## DIRECTIONS:
Print again, word for word, all of the records below, and leave the pictures out.
Top of RECORDED INFORMATION
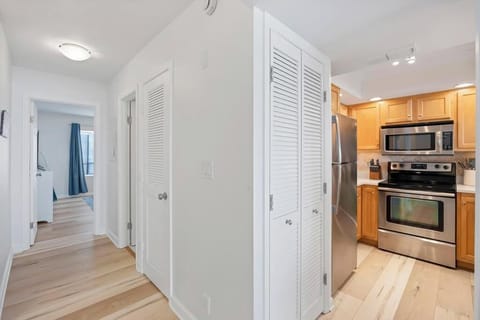 Open kitchen w/ warm wood cabinets & everything within reach.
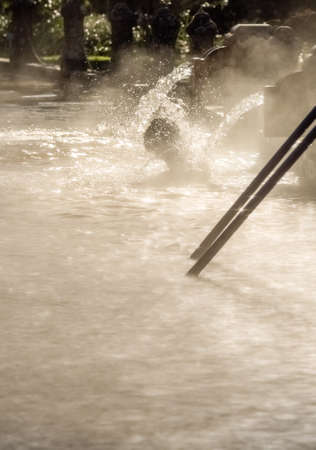 Man having bath in the Ferruginous hot water spring pool in furnas, Sao Miguel Island, Azores, Portugalの写真素材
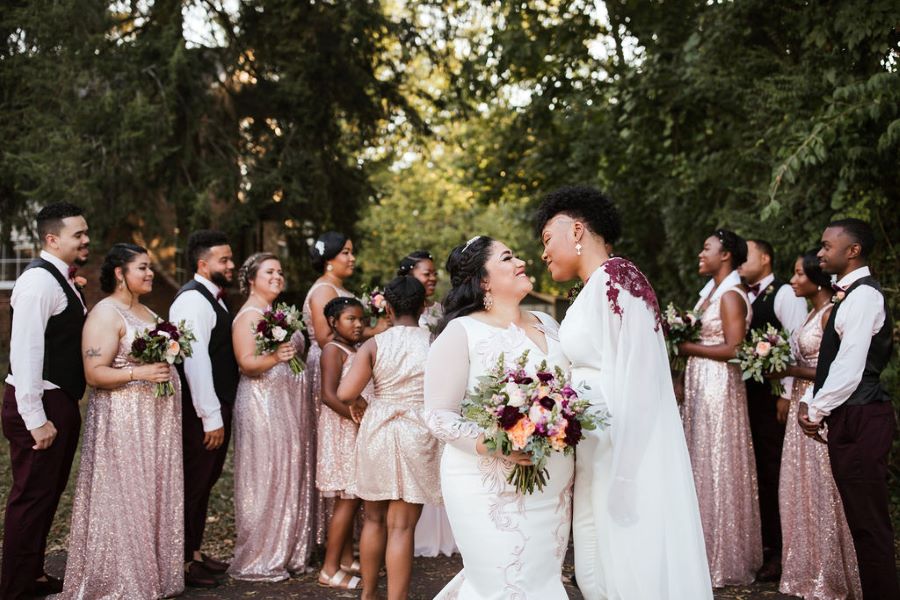Brides about to kiss in front of the wedding party / romantic lgbtq / fall / September / blush / burgundy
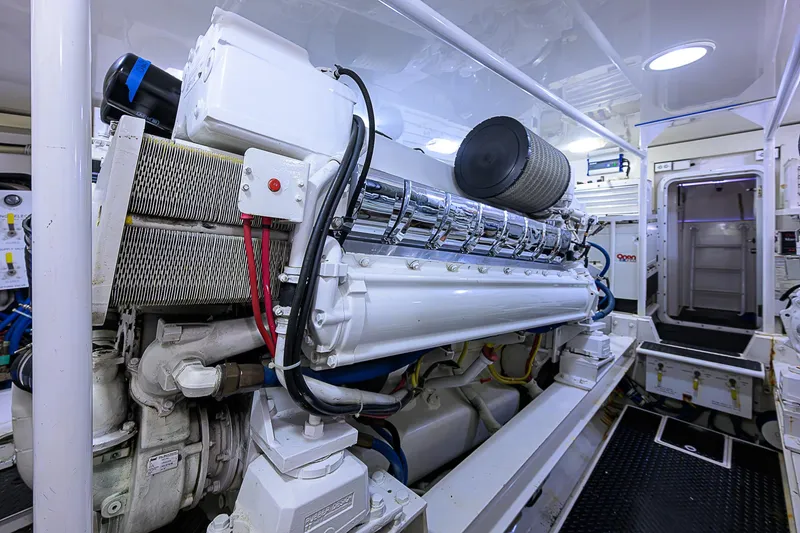 Slide: The Image of Engine room of 2007 Viking 68 Convertible yacht, showcasing powerful machinery and clean design. - 37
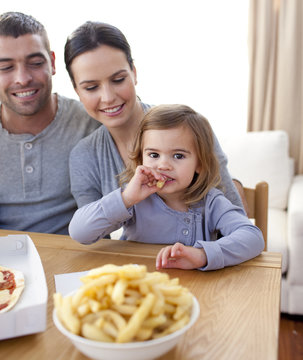 Little Girl Eating Fries And Pizza At Home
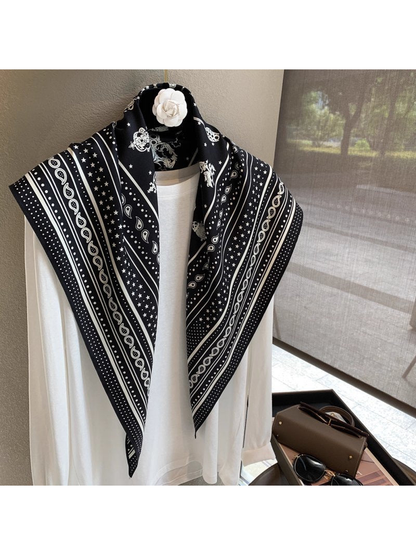 Black White paisley and star scarf draped open over a white top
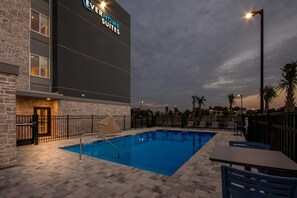 A hotel with a swimming pool, outdoor seating, and a large sign. - Everhome Suites Panama City Beach - 30A (Panama City Beach)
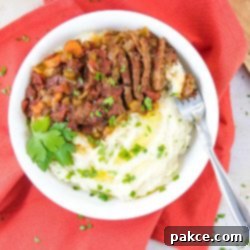 Perfect Swiss Steak: Slow Cooker or Instant Pot 2 White bowl with mashed potatoes in one half and strips of beef and chopped vegetables in the other half, garnished with parsley. The bowl is on a red linen napkin and there is a fork in the bowl.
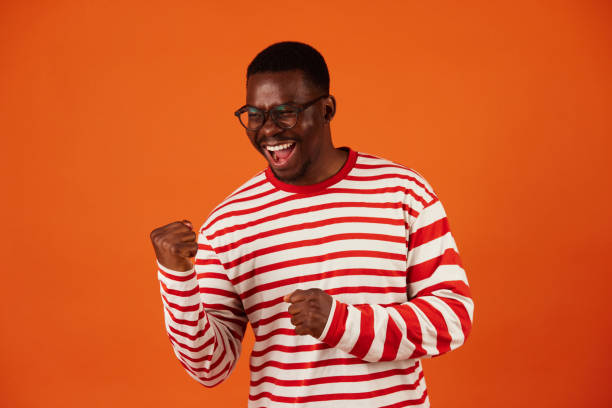 istock Black man making a winner's gesture with his hands clenched into fists 1497597651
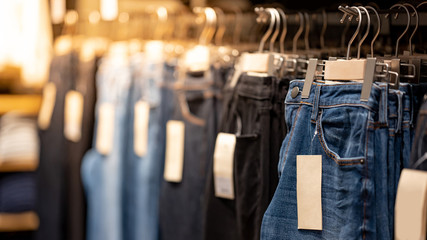 Wall Mural - Jeans or Denim pants (trousers) hanging on rack in clothes shop. Fashion product collection in clothing store for selling. Textile industry and business concept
Bottom of RECORDED INFORMATION
## YOUR RESPONSE:
 Open kitchen w/ warm wood cabinets & everything within reach.
 Man having bath in the Ferruginous hot water spring pool in furnas, Sao Miguel Island, Azores, Portugalの写真素材
Brides about to kiss in front of the wedding party / romantic lgbtq / fall / September / blush / burgundy
 Slide: The Image of Engine room of 2007 Viking 68 Convertible yacht, showcasing powerful machinery and clean design. - 37
 Little Girl Eating Fries And Pizza At Home
 Black White paisley and star scarf draped open over a white top
 A hotel with a swimming pool, outdoor seating, and a large sign. - Everhome Suites Panama City Beach - 30A (Panama City Beach)
 Perfect Swiss Steak: Slow Cooker or Instant Pot 2 White bowl with mashed potatoes in one half and strips of beef and chopped vegetables in the other half, garnished with parsley. The bowl is on a red linen napkin and there is a fork in the bowl.
 istock Black man making a winner's gesture with his hands clenched into fists 1497597651
 Wall Mural - Jeans or Denim pants (trousers) hanging on rack in clothes shop. Fashion product collection in clothing store for selling. Textile industry and business concept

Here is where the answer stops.